The three-page letter was written in response to one that Mr Trichet sent to Mr Lenihan two days beforehand, on November 19th. Details of that letter were published in The Irish Times last month. In it, Mr Trichet urged Mr Lenihan and his government colleagues to accept the necessity for a bailout and agree to a programme with the troika.
Mr Lenihan, in ceding the inevitability of a bailout, wrote: “There comes a point at which negative sentiment starts to feed on itself, even independently of underlying realities, and we are clearly at that point.”
“[In response to the points made in your letter] I would like to inform you that the Irish Government has decided today to seek access to external support from the European and international support mechanism. This grave and serious decision has been taken in the light of the developments . . . and the recent communications and the advice you have conveyed to me personally and courteously in recent days.”

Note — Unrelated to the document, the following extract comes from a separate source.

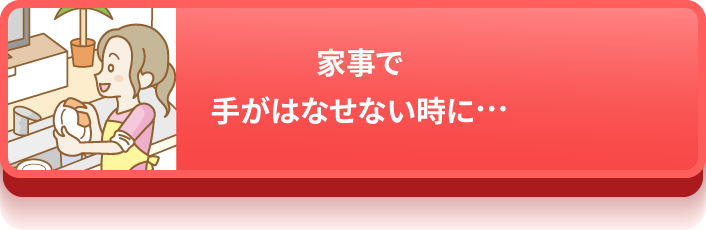 家事で手がはなせない時に…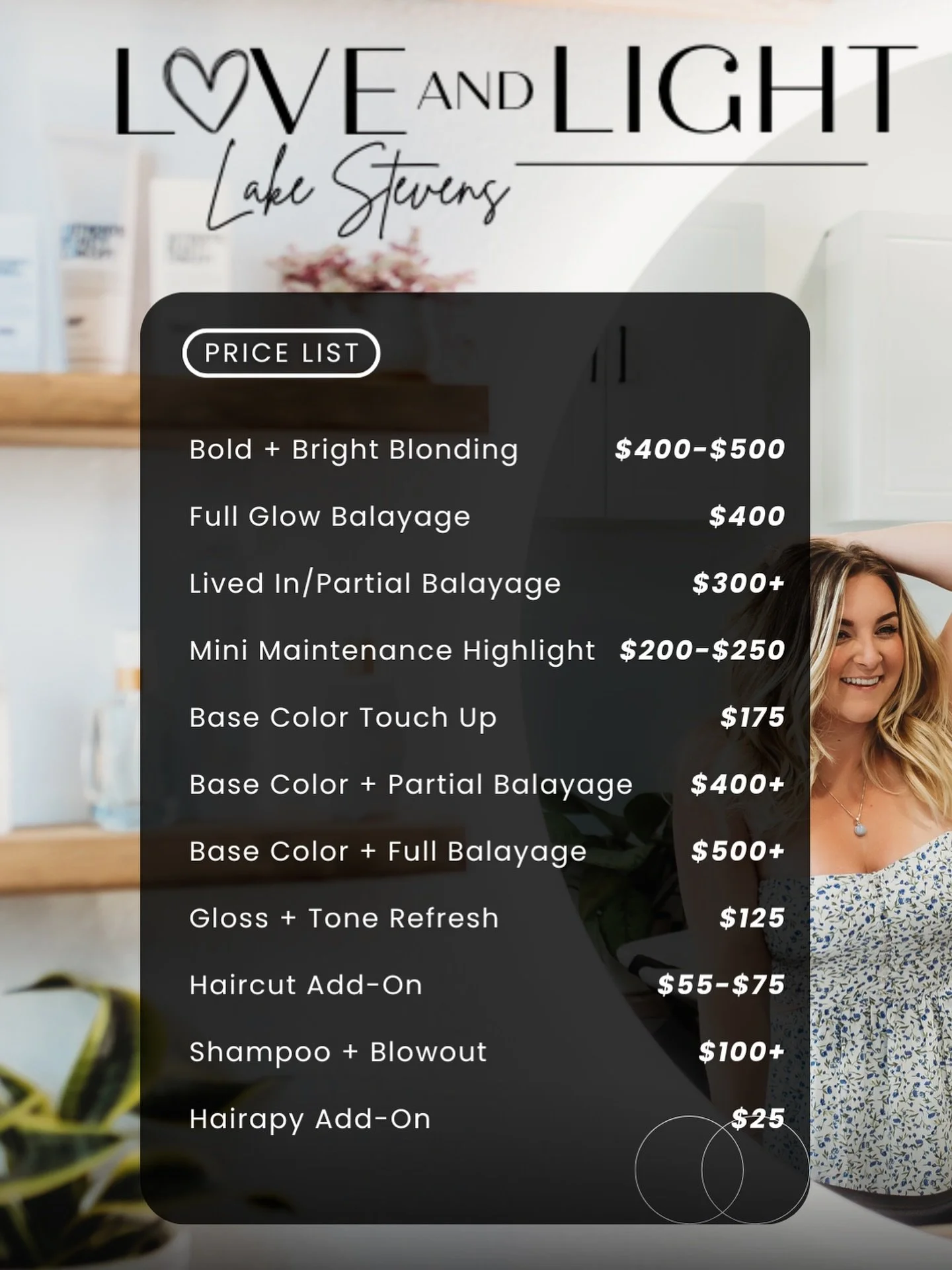 My goal is always to help you feel like you again &mdash; refreshed, confident, and cared for. Whether you&rsquo;re here for lived-in blonde, rich dimensional color, or just a moment of peace in the chair, I&rsquo;ve got you.
All services are customi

In the course of the letter, obtained by online news site thejournal.ie, Mr Lenihan set out a strong defence of the government’s actions since the banking crisis erupted in Ireland in September 2008, which he described twice as “aggressive” and also as “assertive”.
“Ireland has worked very aggressively, and to the limits of our fiscal capacity, to protect and repair the banking system in the light of the dangers to the financial stability both in Ireland and in Europe.”
He listed actions such as the 2008 bank guarantee; the bank recapitalisation programme; the nationalisation of Anglo Irish Bank in January 2009; the establishment of Nama in April 2009; and the €32 billion of capital which had been injected into the banking system. He also said the government had made fiscal adjustments amounting to €15 billion with a further €15 billion in adjustments until 2014.
“The measures for 2011 alone will amount to over €6 billion. Thus, Ireland has proved so far to be flexible and aggressive in dealing with its problems and will continue to be so.”
Mr Lenihan contended the measures had led to improvement in early 2010 but that intervening international events had led to a “sharp reversal”. These included the Greek debt crisis and the concerns it prompted about Ireland; a slowdown in economic recovery worldwide; negative market sentiments; credit rating downgrades. All of this, he said, “led to a crisis of confidence in both the Irish banking system and increasingly the Irish Sovereign”.
Thanking Mr Trichet for his courtesy, he concluded: “You know that we will not be lacking in the will to do all that is necessary on our part to protect our economy and people and to play our role.”